(Extracted records)
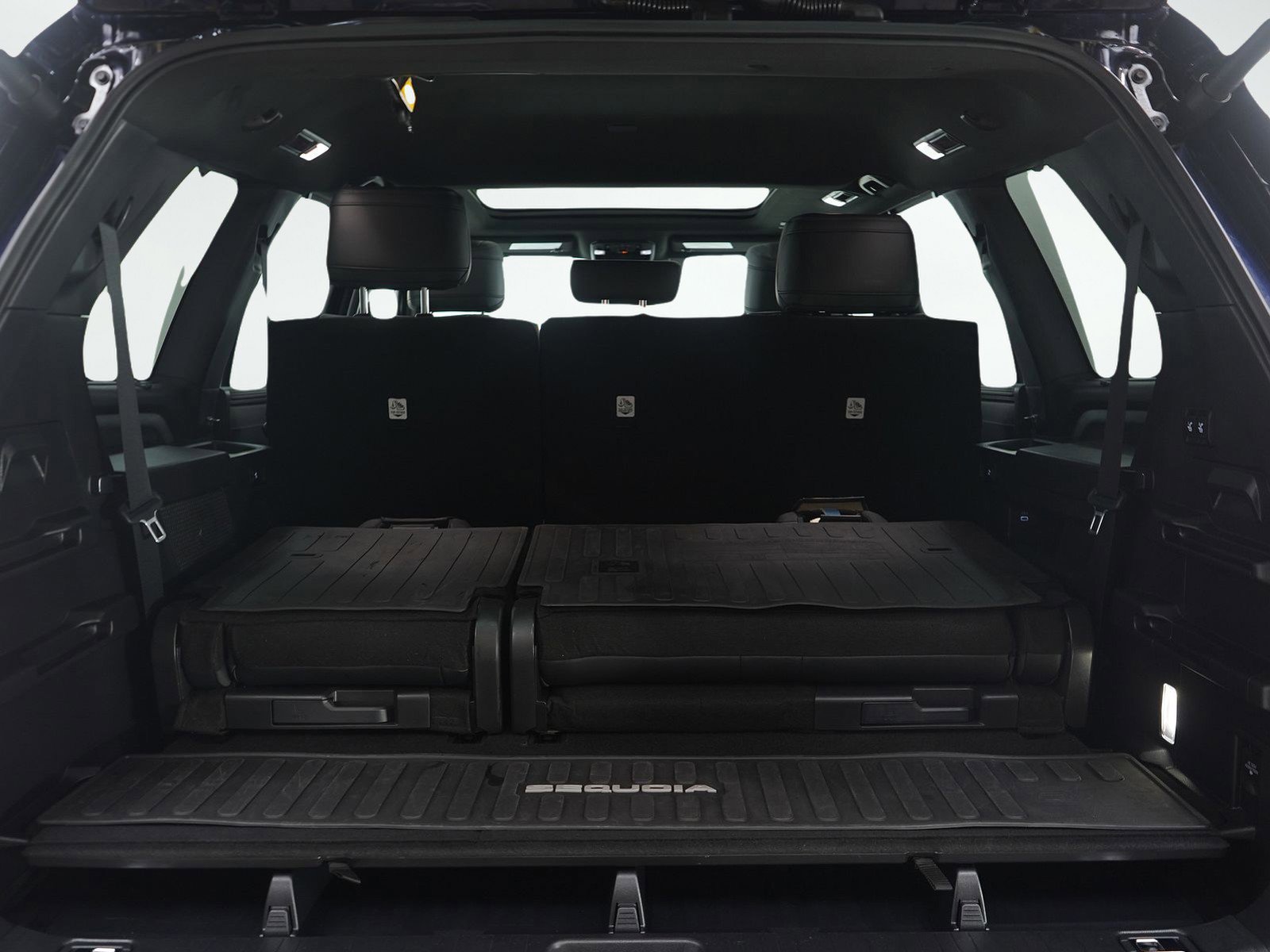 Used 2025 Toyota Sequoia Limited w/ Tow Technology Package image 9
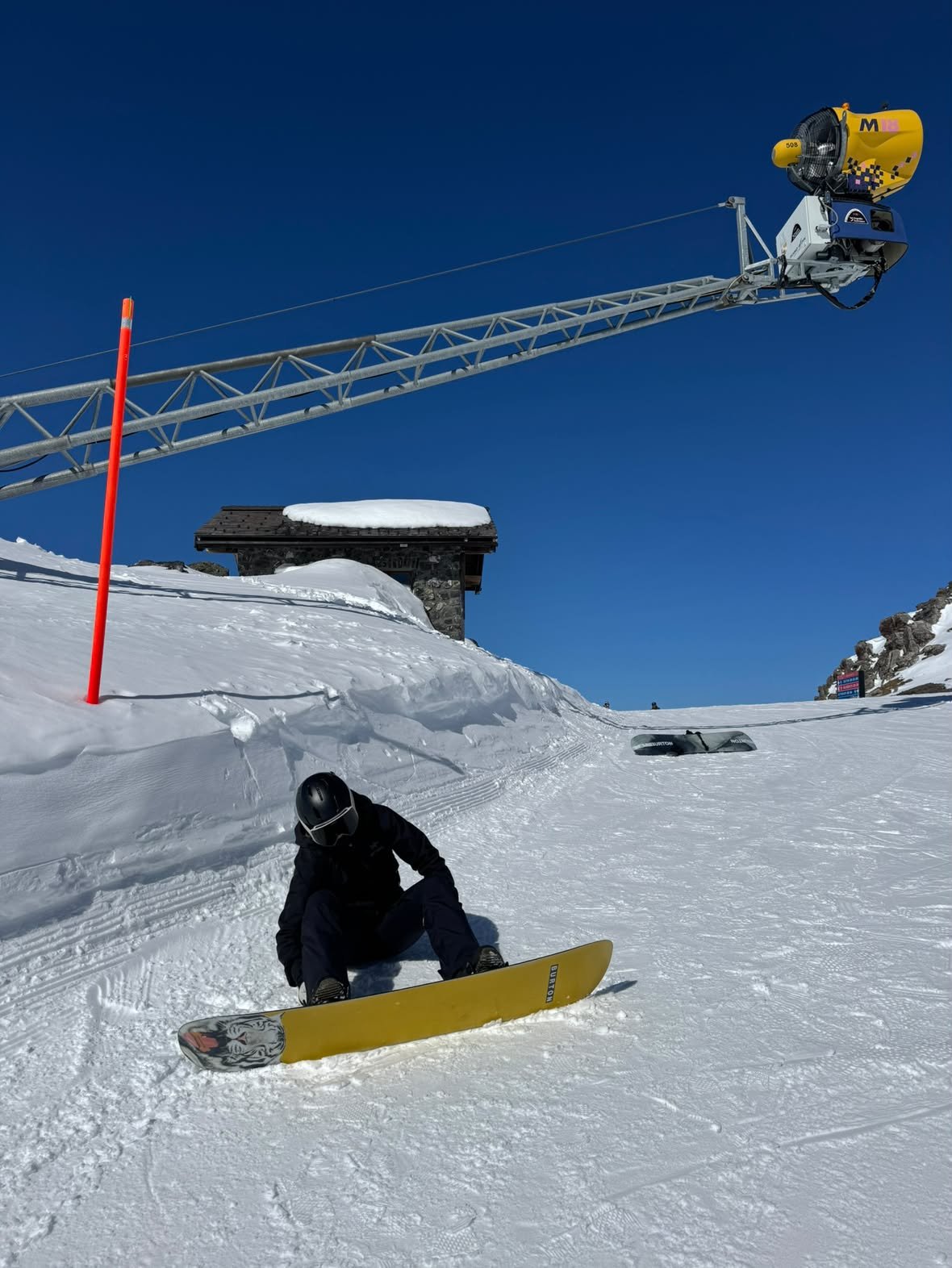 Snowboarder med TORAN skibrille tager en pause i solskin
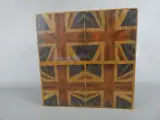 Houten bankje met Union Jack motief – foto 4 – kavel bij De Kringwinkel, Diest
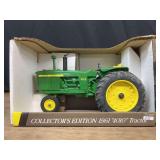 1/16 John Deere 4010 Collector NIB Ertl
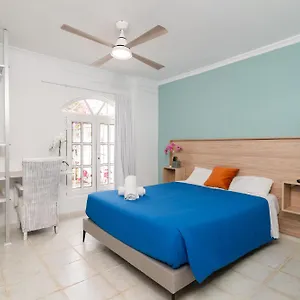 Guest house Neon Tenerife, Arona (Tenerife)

EXERCISE GOAL: Begin at the line containing "Houten bankje met" and transcribe exactly every line through the end of the records, both ends included, leaving the pictures out.

YOUR RESPONSE:
 Houten bankje met Union Jack motief – foto 4 – kavel bij De Kringwinkel, Diest
 1/16 John Deere 4010 Collector NIB Ertl
 Guest house Neon Tenerife, Arona (Tenerife)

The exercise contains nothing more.